Wilson’s most celebrated novel, Swamp Angel (1954), primarily concerns the escape of Maggie Vardoe from an unpleasant second marriage in Vancouver to a new life at a remote interior B.C. lake. She meets a retired circus juggler and other uniquely non-urbanized women. Maggie Vardoe learns independence but is told near the end of the novel, “We are all in it together. ‘No Man is an Island, I am involved in Mankinde,’ and we have no immunity and we may as well realize it.” The novel owes many of its characters and its locale to a lodge at Lac Le Jeune where Ethel Wilson vacationed with her husband, an expert fisherman, for 40 years. Lac Le Jeune was also the setting for two short stories, “On Nimpish” and “Beware the Jabberwock, my son… beware the Jubjub bird.” Mr. Spencer, the character at the outset of Swamp Angel who buys Maggie Vardoe’s hand-tied flies to facilitate her escape, was derivative of a co-owner of Vancouver’s Harkley & Haywood sporting goods store. The Swamp Angel of the title is a small revolver that is discarded. Ethel Wilson herself once had the pleasant experience of tossing a small gun off a bridge.
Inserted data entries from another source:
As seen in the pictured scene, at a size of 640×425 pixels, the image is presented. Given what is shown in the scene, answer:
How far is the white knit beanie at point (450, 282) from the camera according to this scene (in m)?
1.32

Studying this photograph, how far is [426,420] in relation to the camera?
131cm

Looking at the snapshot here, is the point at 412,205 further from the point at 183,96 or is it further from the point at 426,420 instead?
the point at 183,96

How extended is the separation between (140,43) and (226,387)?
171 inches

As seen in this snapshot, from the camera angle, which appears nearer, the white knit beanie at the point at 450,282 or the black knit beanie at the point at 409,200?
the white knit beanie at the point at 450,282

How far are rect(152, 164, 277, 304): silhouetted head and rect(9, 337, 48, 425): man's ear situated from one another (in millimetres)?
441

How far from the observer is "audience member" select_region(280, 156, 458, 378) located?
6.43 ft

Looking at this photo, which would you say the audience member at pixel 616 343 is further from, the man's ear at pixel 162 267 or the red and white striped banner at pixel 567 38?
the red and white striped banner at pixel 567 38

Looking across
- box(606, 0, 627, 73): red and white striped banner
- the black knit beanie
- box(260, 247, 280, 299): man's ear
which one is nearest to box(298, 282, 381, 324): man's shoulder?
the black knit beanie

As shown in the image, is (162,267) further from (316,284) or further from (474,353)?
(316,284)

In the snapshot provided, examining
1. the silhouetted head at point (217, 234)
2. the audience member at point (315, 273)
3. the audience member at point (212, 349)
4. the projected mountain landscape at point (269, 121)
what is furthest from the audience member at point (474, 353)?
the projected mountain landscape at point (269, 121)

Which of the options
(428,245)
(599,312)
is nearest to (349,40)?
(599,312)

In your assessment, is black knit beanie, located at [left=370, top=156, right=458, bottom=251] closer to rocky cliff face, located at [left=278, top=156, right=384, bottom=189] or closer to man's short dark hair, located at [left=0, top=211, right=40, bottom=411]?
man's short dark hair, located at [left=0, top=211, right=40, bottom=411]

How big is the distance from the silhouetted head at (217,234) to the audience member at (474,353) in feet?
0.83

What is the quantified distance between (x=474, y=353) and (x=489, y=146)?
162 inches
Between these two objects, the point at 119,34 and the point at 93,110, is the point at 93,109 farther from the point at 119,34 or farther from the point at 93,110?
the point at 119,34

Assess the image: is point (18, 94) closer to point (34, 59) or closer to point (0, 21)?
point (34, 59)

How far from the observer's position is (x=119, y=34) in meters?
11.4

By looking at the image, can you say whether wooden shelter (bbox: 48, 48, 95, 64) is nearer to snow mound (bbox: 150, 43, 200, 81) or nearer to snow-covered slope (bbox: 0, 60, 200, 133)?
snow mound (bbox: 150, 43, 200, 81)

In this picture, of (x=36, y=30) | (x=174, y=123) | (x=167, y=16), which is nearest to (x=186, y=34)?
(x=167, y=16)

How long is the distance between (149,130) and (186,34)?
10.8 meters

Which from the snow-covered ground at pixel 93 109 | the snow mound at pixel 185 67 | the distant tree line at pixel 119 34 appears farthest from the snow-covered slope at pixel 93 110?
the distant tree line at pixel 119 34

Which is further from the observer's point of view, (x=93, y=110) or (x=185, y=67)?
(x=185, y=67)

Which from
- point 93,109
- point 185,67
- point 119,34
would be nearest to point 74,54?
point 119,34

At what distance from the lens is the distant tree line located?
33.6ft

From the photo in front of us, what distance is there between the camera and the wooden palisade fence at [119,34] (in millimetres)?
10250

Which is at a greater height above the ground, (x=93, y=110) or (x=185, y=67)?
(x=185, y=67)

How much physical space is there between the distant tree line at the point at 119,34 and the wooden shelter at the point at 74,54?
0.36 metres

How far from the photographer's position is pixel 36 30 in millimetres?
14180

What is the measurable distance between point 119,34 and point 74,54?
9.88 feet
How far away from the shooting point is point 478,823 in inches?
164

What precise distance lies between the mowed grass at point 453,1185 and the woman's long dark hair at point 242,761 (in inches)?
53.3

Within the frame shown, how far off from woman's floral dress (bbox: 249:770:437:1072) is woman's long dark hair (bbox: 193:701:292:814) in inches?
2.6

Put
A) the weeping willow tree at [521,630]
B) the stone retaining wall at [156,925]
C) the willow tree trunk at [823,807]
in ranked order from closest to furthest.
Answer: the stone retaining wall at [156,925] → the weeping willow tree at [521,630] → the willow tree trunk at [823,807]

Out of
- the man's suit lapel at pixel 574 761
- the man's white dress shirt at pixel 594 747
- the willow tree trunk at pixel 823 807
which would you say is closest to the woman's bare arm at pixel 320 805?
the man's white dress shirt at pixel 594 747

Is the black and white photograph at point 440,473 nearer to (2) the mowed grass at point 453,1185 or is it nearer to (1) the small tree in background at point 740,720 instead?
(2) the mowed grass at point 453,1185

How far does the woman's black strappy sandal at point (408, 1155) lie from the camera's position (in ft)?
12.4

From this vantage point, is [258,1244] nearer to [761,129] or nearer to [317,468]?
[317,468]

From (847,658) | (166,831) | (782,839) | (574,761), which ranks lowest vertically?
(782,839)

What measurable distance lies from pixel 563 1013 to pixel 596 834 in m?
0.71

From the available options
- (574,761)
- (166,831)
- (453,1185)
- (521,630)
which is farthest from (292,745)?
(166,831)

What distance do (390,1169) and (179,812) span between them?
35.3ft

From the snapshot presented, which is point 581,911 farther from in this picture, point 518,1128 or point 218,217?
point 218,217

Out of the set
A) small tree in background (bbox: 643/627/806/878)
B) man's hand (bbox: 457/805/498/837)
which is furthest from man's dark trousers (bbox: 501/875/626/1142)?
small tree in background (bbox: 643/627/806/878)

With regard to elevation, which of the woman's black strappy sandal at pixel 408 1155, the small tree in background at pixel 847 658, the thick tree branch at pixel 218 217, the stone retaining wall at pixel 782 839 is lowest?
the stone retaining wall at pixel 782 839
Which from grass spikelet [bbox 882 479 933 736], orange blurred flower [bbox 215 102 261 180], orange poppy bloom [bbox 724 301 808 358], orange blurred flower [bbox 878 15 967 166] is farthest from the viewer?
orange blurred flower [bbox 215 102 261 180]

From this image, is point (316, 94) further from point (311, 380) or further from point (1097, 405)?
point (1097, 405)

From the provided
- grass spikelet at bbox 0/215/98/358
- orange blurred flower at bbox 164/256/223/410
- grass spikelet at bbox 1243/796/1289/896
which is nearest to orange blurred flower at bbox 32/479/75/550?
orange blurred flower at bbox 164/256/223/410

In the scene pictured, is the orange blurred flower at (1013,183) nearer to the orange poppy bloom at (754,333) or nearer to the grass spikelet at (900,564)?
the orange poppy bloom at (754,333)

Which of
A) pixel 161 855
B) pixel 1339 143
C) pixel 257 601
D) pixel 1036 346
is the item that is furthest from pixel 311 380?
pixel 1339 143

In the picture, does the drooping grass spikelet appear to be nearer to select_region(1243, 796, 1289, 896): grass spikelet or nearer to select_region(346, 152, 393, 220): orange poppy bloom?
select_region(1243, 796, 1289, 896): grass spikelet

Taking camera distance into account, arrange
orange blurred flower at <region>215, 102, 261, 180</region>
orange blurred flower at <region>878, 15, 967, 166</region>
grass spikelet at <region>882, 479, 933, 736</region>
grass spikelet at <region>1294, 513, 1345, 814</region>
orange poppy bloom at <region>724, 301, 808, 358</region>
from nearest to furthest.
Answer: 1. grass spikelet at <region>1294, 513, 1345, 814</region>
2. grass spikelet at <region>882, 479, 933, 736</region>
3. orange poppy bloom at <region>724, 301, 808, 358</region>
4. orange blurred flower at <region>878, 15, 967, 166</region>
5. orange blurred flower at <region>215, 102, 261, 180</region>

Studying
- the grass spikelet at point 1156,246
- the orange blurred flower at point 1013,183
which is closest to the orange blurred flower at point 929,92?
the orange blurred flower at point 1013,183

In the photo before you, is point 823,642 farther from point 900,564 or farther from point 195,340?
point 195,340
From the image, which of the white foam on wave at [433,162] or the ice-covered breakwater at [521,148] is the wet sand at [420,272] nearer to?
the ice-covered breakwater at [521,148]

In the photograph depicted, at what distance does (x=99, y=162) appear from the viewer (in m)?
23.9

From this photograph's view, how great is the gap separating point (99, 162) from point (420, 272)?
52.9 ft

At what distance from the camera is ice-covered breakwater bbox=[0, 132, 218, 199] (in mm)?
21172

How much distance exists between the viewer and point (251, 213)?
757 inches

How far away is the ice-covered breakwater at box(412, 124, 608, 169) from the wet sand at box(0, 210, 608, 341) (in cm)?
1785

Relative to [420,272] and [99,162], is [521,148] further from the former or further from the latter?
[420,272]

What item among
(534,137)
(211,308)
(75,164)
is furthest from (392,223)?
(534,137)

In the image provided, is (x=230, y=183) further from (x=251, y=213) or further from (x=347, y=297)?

The Innocent Traveller (1949) is an autobiographical but unrevealing story of a young girl coming to live in Vancouver from England and remaining a relatively happy spinster past her 100th birthday. Although it appears Ethel Wilson turned suddenly to fiction in her mature years, portions of The Innocent Traveller can be traced to preparatory writing she had started 20 years prior to its publication. The Equations of Love (1952) consists of two novellas, “Tuesday and Wednesday,” about the death of a husband on a Wednesday, and “Lily’s Story,” about the resolve of an unwed mother to raise her child. Wilson’s final novel, Love and Salt Water (1956), is a post-WW II novel most directly concerned with private wounds and the uncertainty of human relations.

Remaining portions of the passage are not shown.